Die Professur hat nun ein Buch mit Essays, Fotografien, Studien, Pl?nen und Erfahrungsberichten erarbeitet, das ins Spanische übersetzt wird. Ursula Biemann, die im Herbst für ihre künstlerische Arbeit erneut in die Region Putumayo reisen will, wird die Ideen mit den Inga diskutieren.

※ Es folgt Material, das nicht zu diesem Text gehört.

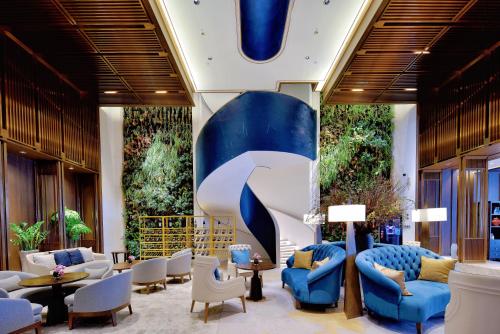 a lobby with blue and white chairs and tables at 重庆Indition英迪逊高空酒店 解放碑来福士店 in Chongqing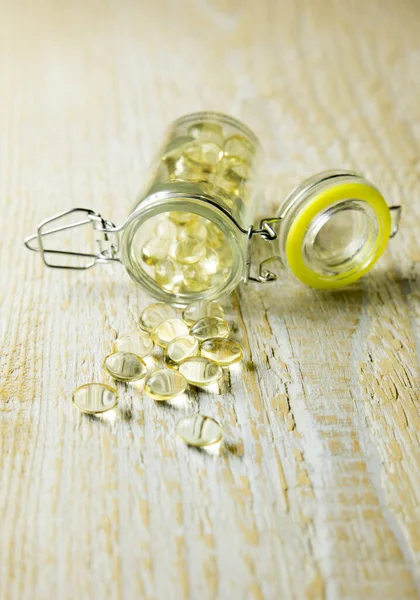 Close up of nice yellow vitamin D capsules and a glass jar with capsules on background, on wooden background.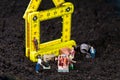 Miniature workmen building a house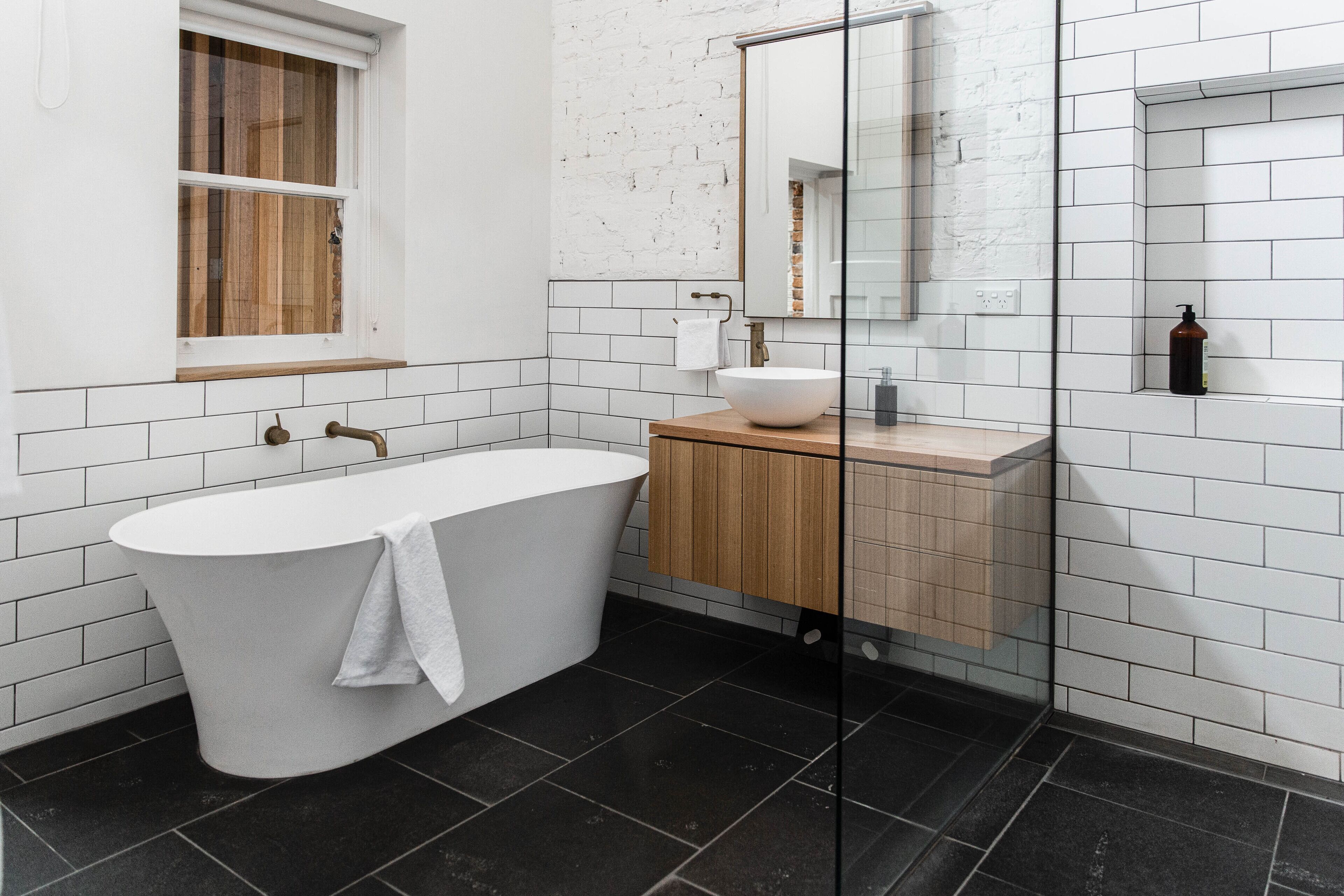 Un baño moderno con una bañera independiente, un tocador de madera, un lavabo blanco y un espejo grande.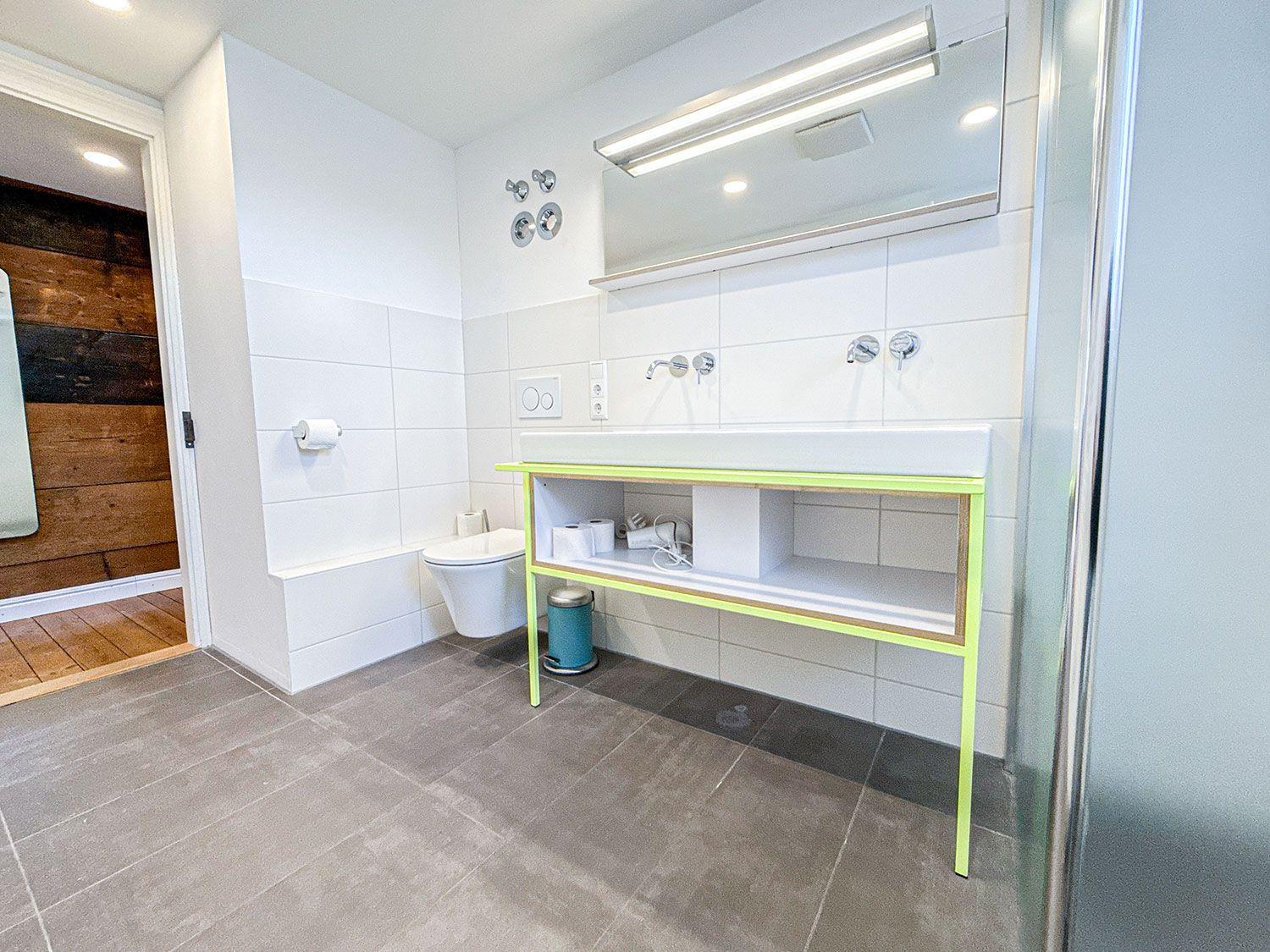 Badezimmer mit Waschbecken, Toilette und Spiegel. Gelber Waschtisch und graue Fliesen.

Auch an der ETH wird das Projekt voraussichtlich weitergetragen. Zwar wurde Anne Lacaton im Juli emeritiert, doch bereits hat Teresa Galí-Izard, seit Januar Professorin für Landschaftsarchitektur, Interesse angekündigt, die Studien zur Inga-Universit?t weiterzuführen. Lacaton wünscht sich, dass die indigene Universit?t ihren Betrieb bald aufnehmen wird. ?Die ?Universit?t? kann in einer bestehenden Schule starten; auch ohne 澳门美高梅金殿.? Sie denkt die Universit?t nicht als fertiges Produkt, sondern vielmehr als einen konstanten, iterativen Prozess. ?Dieses Vorgehen ist nicht nur für den Aufbau einer indigenen Universit?t in Kolumbien interessant, sondern genauso für Architekturprojekte in Europa?, ist Lacaton überzeugt.

Dieser Text ist in der aktuellen Ausgabe des ETH-Magazins Globe erschienen.